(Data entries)

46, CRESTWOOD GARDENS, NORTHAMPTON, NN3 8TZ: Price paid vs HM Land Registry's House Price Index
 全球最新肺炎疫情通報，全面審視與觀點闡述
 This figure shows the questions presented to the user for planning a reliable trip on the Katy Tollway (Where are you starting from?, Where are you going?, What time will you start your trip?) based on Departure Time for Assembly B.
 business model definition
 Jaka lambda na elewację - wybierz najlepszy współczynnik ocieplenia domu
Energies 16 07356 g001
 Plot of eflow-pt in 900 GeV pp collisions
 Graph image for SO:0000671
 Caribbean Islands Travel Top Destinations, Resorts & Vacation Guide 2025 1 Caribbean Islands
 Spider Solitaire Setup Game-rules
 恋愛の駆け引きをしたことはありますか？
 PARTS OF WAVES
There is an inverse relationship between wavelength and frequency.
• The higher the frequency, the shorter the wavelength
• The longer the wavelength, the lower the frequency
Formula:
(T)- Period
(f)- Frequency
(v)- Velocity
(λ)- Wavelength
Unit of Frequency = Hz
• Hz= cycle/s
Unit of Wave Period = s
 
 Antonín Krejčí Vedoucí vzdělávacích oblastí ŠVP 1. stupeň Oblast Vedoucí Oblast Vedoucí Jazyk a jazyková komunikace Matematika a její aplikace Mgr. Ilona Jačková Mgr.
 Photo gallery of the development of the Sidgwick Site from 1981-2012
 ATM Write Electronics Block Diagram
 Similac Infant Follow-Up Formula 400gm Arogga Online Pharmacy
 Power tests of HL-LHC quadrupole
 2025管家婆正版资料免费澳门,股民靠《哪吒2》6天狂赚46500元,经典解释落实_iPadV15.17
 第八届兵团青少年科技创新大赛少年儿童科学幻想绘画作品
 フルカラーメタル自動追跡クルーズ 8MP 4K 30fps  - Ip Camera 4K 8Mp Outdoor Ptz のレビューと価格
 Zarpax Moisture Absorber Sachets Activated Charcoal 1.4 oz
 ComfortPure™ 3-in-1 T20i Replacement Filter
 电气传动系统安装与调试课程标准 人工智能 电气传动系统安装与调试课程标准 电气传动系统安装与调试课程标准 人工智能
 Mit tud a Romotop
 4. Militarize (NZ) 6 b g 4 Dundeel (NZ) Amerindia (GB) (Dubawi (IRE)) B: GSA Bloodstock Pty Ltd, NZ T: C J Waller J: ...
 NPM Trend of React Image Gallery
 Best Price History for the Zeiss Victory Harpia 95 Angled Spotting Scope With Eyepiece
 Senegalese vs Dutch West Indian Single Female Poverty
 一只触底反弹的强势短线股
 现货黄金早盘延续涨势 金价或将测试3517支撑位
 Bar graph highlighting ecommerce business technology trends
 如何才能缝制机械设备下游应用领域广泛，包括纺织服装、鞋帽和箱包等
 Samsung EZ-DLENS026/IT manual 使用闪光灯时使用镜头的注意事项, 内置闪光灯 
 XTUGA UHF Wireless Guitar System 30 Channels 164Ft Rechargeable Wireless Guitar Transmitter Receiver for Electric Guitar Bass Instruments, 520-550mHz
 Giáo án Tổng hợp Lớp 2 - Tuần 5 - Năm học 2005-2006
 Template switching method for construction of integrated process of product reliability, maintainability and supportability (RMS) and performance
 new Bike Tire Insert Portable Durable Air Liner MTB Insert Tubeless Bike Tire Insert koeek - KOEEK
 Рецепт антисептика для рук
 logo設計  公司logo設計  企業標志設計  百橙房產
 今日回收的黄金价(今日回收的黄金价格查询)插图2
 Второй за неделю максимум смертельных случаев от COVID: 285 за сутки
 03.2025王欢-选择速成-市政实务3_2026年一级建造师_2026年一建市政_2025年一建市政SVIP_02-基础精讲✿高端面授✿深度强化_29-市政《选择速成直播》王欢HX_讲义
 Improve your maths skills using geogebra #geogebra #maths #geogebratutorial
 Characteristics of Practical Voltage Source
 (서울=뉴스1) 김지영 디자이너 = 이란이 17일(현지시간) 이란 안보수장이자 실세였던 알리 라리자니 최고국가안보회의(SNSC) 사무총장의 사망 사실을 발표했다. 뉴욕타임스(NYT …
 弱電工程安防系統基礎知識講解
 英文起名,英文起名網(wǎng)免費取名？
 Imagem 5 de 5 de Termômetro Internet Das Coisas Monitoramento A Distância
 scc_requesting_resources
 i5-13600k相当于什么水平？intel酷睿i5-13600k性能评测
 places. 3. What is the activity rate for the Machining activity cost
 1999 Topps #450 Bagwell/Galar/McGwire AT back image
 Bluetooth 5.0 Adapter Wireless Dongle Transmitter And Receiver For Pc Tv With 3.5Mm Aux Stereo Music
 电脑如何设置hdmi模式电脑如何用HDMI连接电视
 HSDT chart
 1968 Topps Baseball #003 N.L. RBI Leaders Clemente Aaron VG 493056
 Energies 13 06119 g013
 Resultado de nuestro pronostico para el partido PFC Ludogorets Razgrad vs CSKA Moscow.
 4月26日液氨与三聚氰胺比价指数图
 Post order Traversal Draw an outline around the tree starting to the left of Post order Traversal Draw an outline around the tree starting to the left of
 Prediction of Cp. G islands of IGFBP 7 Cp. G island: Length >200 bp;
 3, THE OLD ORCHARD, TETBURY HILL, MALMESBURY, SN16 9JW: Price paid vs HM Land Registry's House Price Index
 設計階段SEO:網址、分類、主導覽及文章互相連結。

> Work to complete
Print the first line of the records above and each line after it, exactly, through the line with "This figure shows".

> Written solution
46, CRESTWOOD GARDENS, NORTHAMPTON, NN3 8TZ: Price paid vs HM Land Registry's House Price Index
 全球最新肺炎疫情通報，全面審視與觀點闡述
 This figure shows the questions presented to the user for planning a reliable trip on the Katy Tollway (Where are you starting from?, Where are you going?, What time will you start your trip?) based on Departure Time for Assembly B.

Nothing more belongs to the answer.